RemoteExplorer

1 Overview

As the self-proposed project for CSCI2951K: Topics in Collaborative Robotics, I worked on the mapping and reconstruction of remote environments as a 3D virtual environment for exploration. For this project, I used the Kinova Movo as the robot.

Reconstruction of the 8th floor of the Brown Sciences Library

2 Motivation

Robots are powerful tools for exploring remote and hostile environments inaccessible to humans. From conducting rescue operations in disaster zones to surveying unexplored areas in combat situations to space exploration, robots present a safe, viable alternative to direct human engagement. Using robots for remote exploration first requires mapping the remote environment.

The current approach to mapping an unknown environment is using a simultaneous localization and mapping (SLAM) algorithm. However, these maps are often not virtual environments that can be explored. As such, the 3D environment needs to be projected onto a 2D surface like a screen - this is unintuitive for exploration as this is different from how humans view the world. Previous approaches are also mostly focused on VR teleoperation - this means that they only visualize the immediate surroundings of the robot at that point in time instead of generating a persistent map.

Loss of curvature when mapping from 3D to 2D

Therefore, the motivation of this project is to map and reconstruct environments in a way that is intuitive for human exploration. I believe that a 3D virtual environment that is explorable via a virtual reality (VR) system best answers this.

3 Technical Approach

As off-the-shelf SLAM algorithms are already mature and robust, we used RTAB-Map as the SLAM algorithm for mapping the environment.
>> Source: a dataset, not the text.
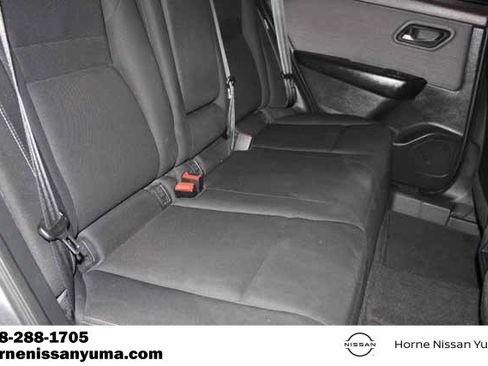 Used 2023 Nissan Rogue S image 7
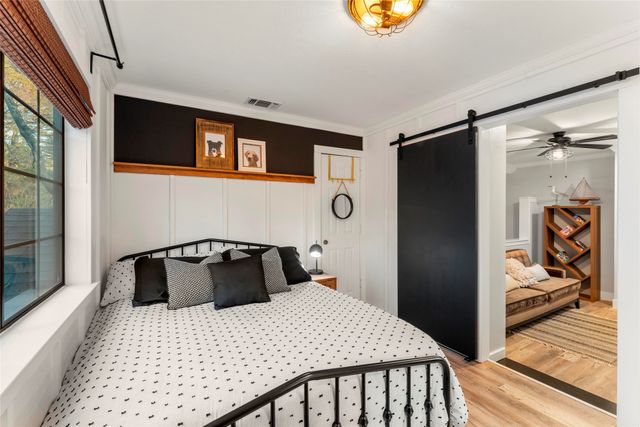 375 S Whispering Pine Trail, Mount Vernon, TX 75457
With this, we essentially need to facilitate the following feedback loop:

The robot collects and sends sensor data to RTAB-Map
RTAB-Map generates and transmits map data to Unity
Unity renders the map as a virtual environment for the user to see
The user sees the virtual environment that is updated in real-time and sends the appropriate movement inputs to the robot (back to step 1)

To faciliate the above feedback loop, we created a software stack outlined below:

On the ROS side (right), the robot publishes 4 ROS topics: color image (sensor_msgs/CompressedImage) and depth image (sensor_msgs/CompressedImage) from the Movo’s Kinect2, transform (tf2_msgs/TFMessage) and base scan (sensor_msgs/LaserScan) from the Movo’s LiDAR.

RTAB-Map subscribes to these 4 topics and performs SLAM, publishing two ROS topics that constitute the map: grid map (nav_msgs/OccupancyGrid) and global map (rtabmap_ros/mapData).

We then use ROS-Sharp to communicate between the ROS side and the Unity side - 5 streams of data are sent over to the Unity side: transform, color image, depth image, grid map and global map. The Unity scene has 4 GameObjects that render these 5 data streams:

TF Listener: Uses transform to position the virtual Movo within the scene
Grid Map Renderer: Renders grid map as a 2D mesh covering the floor
RGB-D Renderer: Uses color image and depth image to generate and render a RGB-D point cloud that represents the current view from the Movo’s Kinect2
Global Map Renderer: Renders map data as a global point cloud representing the map of the remote environment.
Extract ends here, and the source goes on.